On the beach, we are serenaded by what is evidently a traditional Honduran folk band, dressed in traditional, colorful costumes and playing trunk drums, a seashell for a horn, and the unusual, wailing voices of Honduran women.
Our afternoon dive is at Butcher’s Bank Reef. Here, I find myself swimming past what seems like a highly intriguing, mysterious cave tunnel. The dive master, happily, enters the tunnel. Mysteriously, he does not beckon the divers to join him. So I wait to see if he will emerge at the other end, rather than turning around and coming out. He doesn’t, but by now a large number of divers in my group have followed him in. So I enter – 2nd last in line.
A dreadful mistake. The diver in front of me is tentative, slow and unsure. She seems to panic and exit a chimney that appears to be short of where the other divers in front of her had gone. I see a cloud of sand in the tunnel past her exit channel, so even though I cannot see other divers further into the tunnel, I assume they have gone that way and are just too far ahead to see.

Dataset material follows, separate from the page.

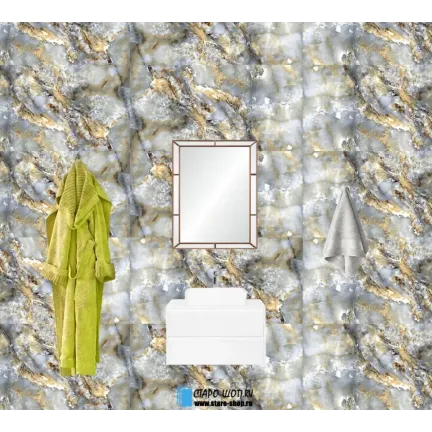 Керамогранит Infinity Ceramica Gelata Oro Scuro High Glossy 60x120 - изображение 5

I risk going in deeper, therefore.
The final chimney before the dead end in this clouded tunnel appears to be way too narrow to squeeze through. I try backing up to where I came from in the tunnel, but my tank gets wedged stuck. I have a terrifying moment of panic. “Am I stuck??? Will anyone notice if I cannot get out of this fix where I cannot go forward or backward???”
I make one last-ditch effort to squeeze through the impossibly narrow chimney – my only chance to make it out of this alive. After a few metallic “clunks” of tank hitting coral, I somehow manage to bully my way through. “I will survive!”
On our last day, we dive “Spooky Channel.” It is indeed quite spooky. Huge, deep, white-sand-bottom chasms in a murky, milky, gloomy, seemingly bottomless depth.
We end the day with a few diver diversions. First, a “dolphin encounter”, where we have 30 minutes of petting, stroking, getting a “kiss” from, and cradling a bottlenose dolphin that is so very happy and friendly to enjoy our attentions. Next, it is on to a Roatan rainforest canopy “zipline”, where we are rigged up with a harness and gloves, and cabled down 24 high-speed runs above and through the trees. It is my first-ever chance to experience this odd form of recreation. I liken it to a Honduran version of an amusement ride. Clearly, there are very few ambulance-chasing lawyers in Honduras, as this is a low-tech and surely precarious activity prone to mishap. Indeed, it occurs to me that if I were a 12-year old, I would have LOVED to have thought up the concept and rigged it up in the woodlands where I grew up back in upstate New York (where the danger is more along the lines of an angry woodchuck or cow, rather than a poisonous snake or tarantula).
During our week of diving, we come across quite a few turtles and lobster (and even a golden sea horse or two). But I was disappointed by the notable absence of sharks (not just whale sharks, but even nurse sharks), barracuda, Moray eel, and rays. The reefs in Roatan remain healthy, but the larger marine life seems sparse.
I should admit, though, that on more than one occasion, I found myself playfully chased by a healthy Moray eel or two.
Overall, the diving was joyful. The wrecks are impressive, as are the entertaining swim-through crevasses and canyons. And the colorful reefs.
Each day before or after diving, I would find myself calmly, unhurriedly walking to or from our cabin through a tropical coconut forest without a care in the world. The sand beneath my feet would be combed level as a pool table. The water taxi would be awaiting me, as if it was my own personal service, to ferry me across the water.
So this is what it is like to be a millionaire retired and living on a deserted Caribbean island…
Anthony’s Key Resort is truly a tropical key diver’s paradise.